What this dish means to me

Sarma is a traditional dish in many Balkan and Eastern European countries, consisting of cabbage leaves stuffed with a flavourful meat and rice filling. Sarma is an absolute favourite of all generations and one reason more that gather us all around the table during the winter. It’s often served during festive occasions and family gatherings. This dish is a must over the Christmas holidays.

Its origins can be traced back to the Ottoman Empire, where it was traditionally served during the winter months. Sour cabbage was used as a way to preserve it for longer periods, especially through the winter. Today, sarma remains a beloved comfort food in the Balkan countries and undisputedly holds the “Queen of Winter” title.

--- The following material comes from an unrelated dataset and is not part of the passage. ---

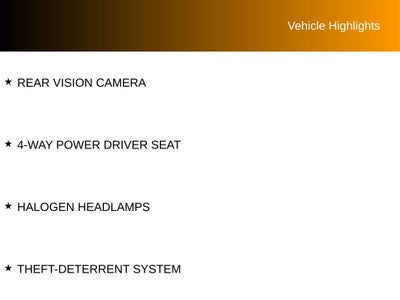 2022 Chevrolet Colorado 2WD Crew Cab Short Box WT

In my home country, North Macedonia, sarma is the dish that reminds me most of our family gatherings at Christmas. It carries the flavour and smell of home and family and brings back memories of my grandmother and the wonderful spirit of this time of year.

SERVES

6-8

MINUTES

280

DIFFICULTY

6/10

INGREDIENTS

1 whole sour cabbage

Filling ingredients:

850 g minced meat (beef/pork)

2 garlic cloves minced

1 onion chopped

1 egg

150 g white rice

10 g salt

2 tsp sweet paprika powder

½ tsp black pepper powder

Pieces of smoked meat (smoked bacon, smoked dry pork ribs)

For the roux:

1,5 tablespoon lard

1,5-2 tablespoon all-purpose flour

½ teaspoon sweet paprika powder

METHOD

Step 1

The best stuffed cabbage rolls are made with fermented (pickled or sour) cabbage leaves. Separate cabbage leaves from the head, and dip each in water to wash off excess sourness. On a cutting board cut each cabbage leaf in half, cut out the "vein" and if the leaves are big, continue cutting into four pieces.

Step 2

Chop the garlic and onion finely and combine them with ground meat and the rest of the ingredients for the filling (except for the smoked meat) in a bowl.

Step 3

In a large cooking pot over medium heat melt the lard. place a layer of cabbage leaves at the bottom.

Step 4

Place one leaf piece in your hand, and one tablespoon of the filling in the middle toward the edge of the leaf. Fold the longer leaf end on one side, then roll everything up. Tuck the other side of the leaf in. You'll have a tiny "burrito-like" roll. Repeat with the rest of the cabbage leaves.

Step 5

Place them tight next to each other in the cooking pot. Add the water that the sarma is completely covered with it and bring it to a boil. Add the rest of the chopped cabbage leaves. You can place a plate inside the keep the sarma from floating.

Step 6

After it start boiling bring the heat to low and cook for another 2.5h. make sure you check the water and add more if necessary.

Step 7

Then prepare your roux in a small saucepan by melting the rest of the lard and adding the flour. Stir till brown or light golden color and add the sweet and hot paprika powder. Pour the roux to the cooking pot with sarma and let it simmer for about 10 minutes.